PROBLEM:
Beginning with the line that holds "Kométa felvágott Olasz", copy every remaining line of the listing below exactly, and leave the pictures out.

INFORMATION PROVIDED:
- Opening Delimiter -
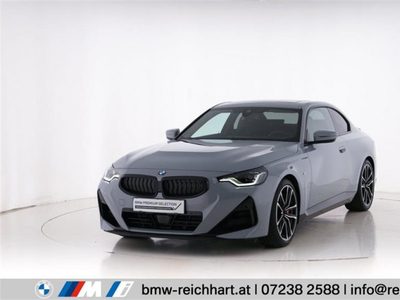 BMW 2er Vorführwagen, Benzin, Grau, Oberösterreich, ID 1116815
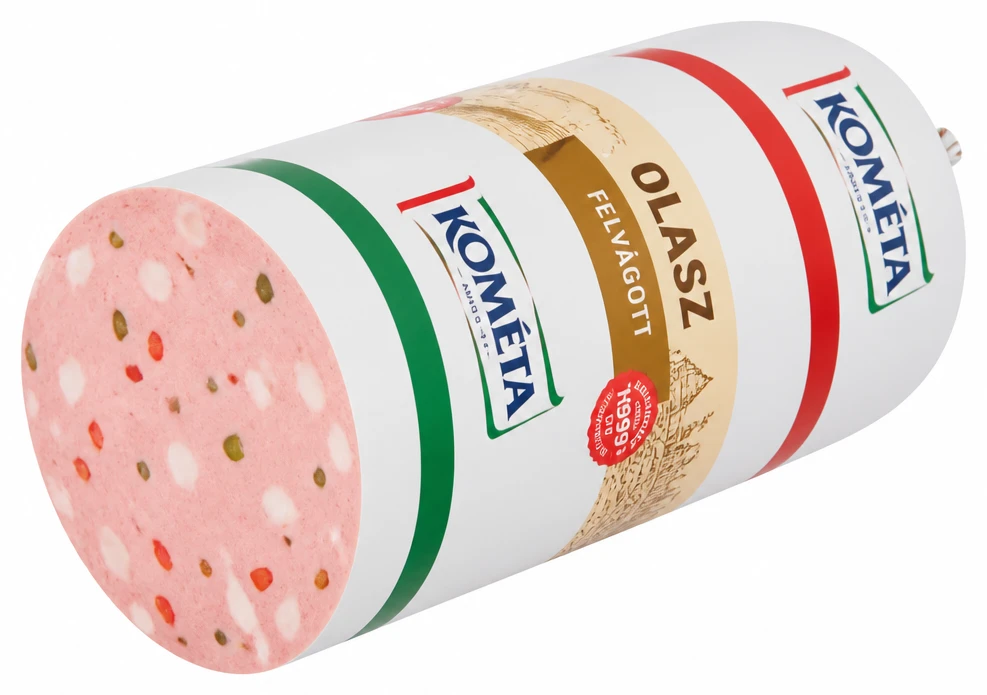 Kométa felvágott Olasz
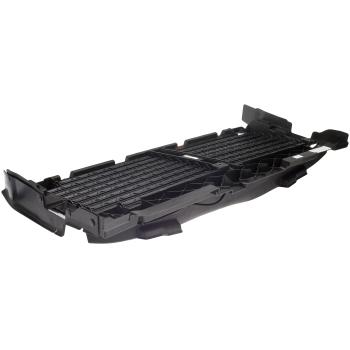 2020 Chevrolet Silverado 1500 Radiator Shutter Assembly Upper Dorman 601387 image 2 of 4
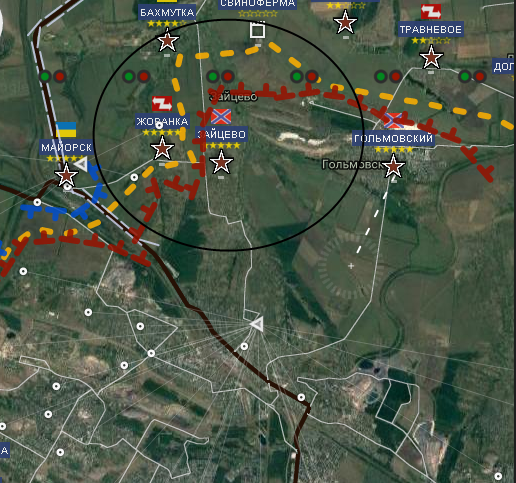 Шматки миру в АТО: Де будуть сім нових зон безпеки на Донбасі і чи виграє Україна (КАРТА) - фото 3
- Closing Delimiter -
EXPECTED OUTPUT:
 Kométa felvágott Olasz
 2020 Chevrolet Silverado 1500 Radiator Shutter Assembly Upper Dorman 601387 image 2 of 4
 Шматки миру в АТО: Де будуть сім нових зон безпеки на Донбасі і чи виграє Україна (КАРТА) - фото 3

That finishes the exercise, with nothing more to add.